L’affiche du film Sea Shadow
Contemplatif et lumineux est son deuxième long métrage qui prend le temps de la respiration pour dépeindre avec poésie l’amour naissant chez l’adolescent.
Comment filmer l’amour naissant chez les jeunes émiratis sans tomber dans le cliché et le démonstratif, mais rester toujours dans la pudeur et la fraîcheur que peut suggérer un tel sentiment? Tel est le thème central que développe le cinéaste Nawef El Djanahi, véritable enfant du Festival d’Oran du film arabe pour l’avoir vu grandir (façon de parler) en le fréquentant assidûment, quasiment depuis ses débuts. Le défaut d’un spectateur parfois est de vouloir intellectualiser un plan et de tenter d’en extraire ou le traduire par un message alors qu’il suffit de se laisser porter par l’histoire aussi complexe soit-elle.
Car le cinéma n’est rien d’autre que ça. Dans Sea Shadow, deuxième long métrage du réalisateur Nawef El Djanahi,, le récit se déroule dans une région campagnarde avec comme protagonistes des personnages qui évoluent dans un milieu conservateur. Apres la mort de la mère, le père qui élève seul ses deux filles sombre dans le silence. Dur face à ses enfants, il impose une forme d’autorité sans pour autant communiquer avec ses enfants.

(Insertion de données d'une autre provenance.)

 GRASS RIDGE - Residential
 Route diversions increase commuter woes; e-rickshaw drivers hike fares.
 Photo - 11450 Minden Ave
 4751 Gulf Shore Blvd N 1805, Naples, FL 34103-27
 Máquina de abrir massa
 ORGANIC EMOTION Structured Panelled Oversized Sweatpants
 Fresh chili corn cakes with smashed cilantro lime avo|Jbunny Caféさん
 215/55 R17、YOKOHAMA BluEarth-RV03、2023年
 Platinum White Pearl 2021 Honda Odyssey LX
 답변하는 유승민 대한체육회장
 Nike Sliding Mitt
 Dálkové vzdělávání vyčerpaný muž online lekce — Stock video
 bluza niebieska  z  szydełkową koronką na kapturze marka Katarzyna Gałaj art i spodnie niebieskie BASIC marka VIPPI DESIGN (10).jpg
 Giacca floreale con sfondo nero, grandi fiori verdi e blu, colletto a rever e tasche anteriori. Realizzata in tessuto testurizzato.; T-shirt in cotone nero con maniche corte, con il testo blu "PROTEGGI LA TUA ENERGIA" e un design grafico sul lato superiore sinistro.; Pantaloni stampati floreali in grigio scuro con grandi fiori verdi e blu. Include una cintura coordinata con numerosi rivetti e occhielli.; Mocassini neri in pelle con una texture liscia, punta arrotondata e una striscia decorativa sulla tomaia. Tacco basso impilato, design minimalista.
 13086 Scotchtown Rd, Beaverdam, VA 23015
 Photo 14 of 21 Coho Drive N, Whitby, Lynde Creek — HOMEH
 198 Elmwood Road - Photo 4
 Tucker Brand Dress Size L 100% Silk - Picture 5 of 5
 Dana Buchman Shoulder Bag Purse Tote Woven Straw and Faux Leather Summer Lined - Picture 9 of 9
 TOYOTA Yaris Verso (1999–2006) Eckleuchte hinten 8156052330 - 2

Dans cette cité populaire où l’existence semble morne, des adolescents feront à leur manière l’expérience de l’amour sentimental en s’aventurant dans ce terrain vierge sans connaître même déjà la couleur de son goût. Au rythme des conventions sociales, la jeune Kaltoum et son cousin Mansour, tout deux âgé de 16 ans, se connaissent par le biais du cercle familial. Si au départ Mansour commence à se demander c’est quoi l’amour et comment sait-on surtout qu’on est amoureux en pensant à Kaltoum, son attention est vite accaparée par une autre belle jeune fille, fortunée. Epris par son charme enjôleur, grande est sa déception quand il la verra sortir de sa maison en robe blanche… Distrait, le garçon ne sait plus où donner de la tête, lui qui voulait offrir une gourmette à sa cousine puis un parfum et des CD à l’autre…
L’adolescent veut plaire, séduire, éprouver de l’amour à l’âge ingrat où le coeur se met en émoi. Mais à côté de cette gentille histoire, Kaltoum cache un secret. Le coiffeur de son père, un Indien vraisemblablement, a tenté d’abuser d’elle. Ayant honte comme les filles de son âge, Kaltoum ne dit rien à son père jusqu’à l’arrivée de son grand frère parti vivre à Dubaï. C’est ce dernier qui ira venger l’honneur de sa soeur.Le poids des traditions étant dur, Kaltoum tente de se suicider, mais elle est empêchée par sa jeune soeur.
Un drame que le réalisateur souligne avec intelligence et qui témoigne ô combien de la difficulté des filles de dénoncer leurs agresseurs, surtout dans les pays arabes par peur du scandale. Au-delà de l’histoire toute naïve que tisse Nawef el Djanahi autour de ce groupe d’adolescents en mal d’amour, y compris paternel, il convient de mettre en exergue le rythme des plus doux qui caractérise le film.
A l’ombre de la mer. Aussi, son aura contemplative nous fait immerger dans l’âme tourmentée ou sereine de ces jeunes gens en pleine méditation devant l’écume de la mer. Sea Shadow nous plonge finalement dans les tréfonds abyssaux de l’humain rappelant la sagesse des anciens qui affirmaient que le bonheur se trouve souvent à notre porte, près de soi. Un peu nostalgique dans ses propos, le réalisateur a avoué que ce genre d’endroits tend aujourd’hui à disparaître car englouti par la modernité galopante des villes comme à Dubaï où la simplicité de la vie et des sentiments a été détrônée par la cupidité, l’envie et le profit. «Qui voudrions-nous qu’on soit?» se demande le réalisateur qui se plait toujours à dénoncer à travers ses films l’excès du développement technologique qui érige des barrières et accule l’individu à la solitude.. Son film n’est peut-être pas si naïf que ça… Sorti en 2011, il a eu le temps de faire la tournée des festivals internationaux avant de sortir bientôt en DVD.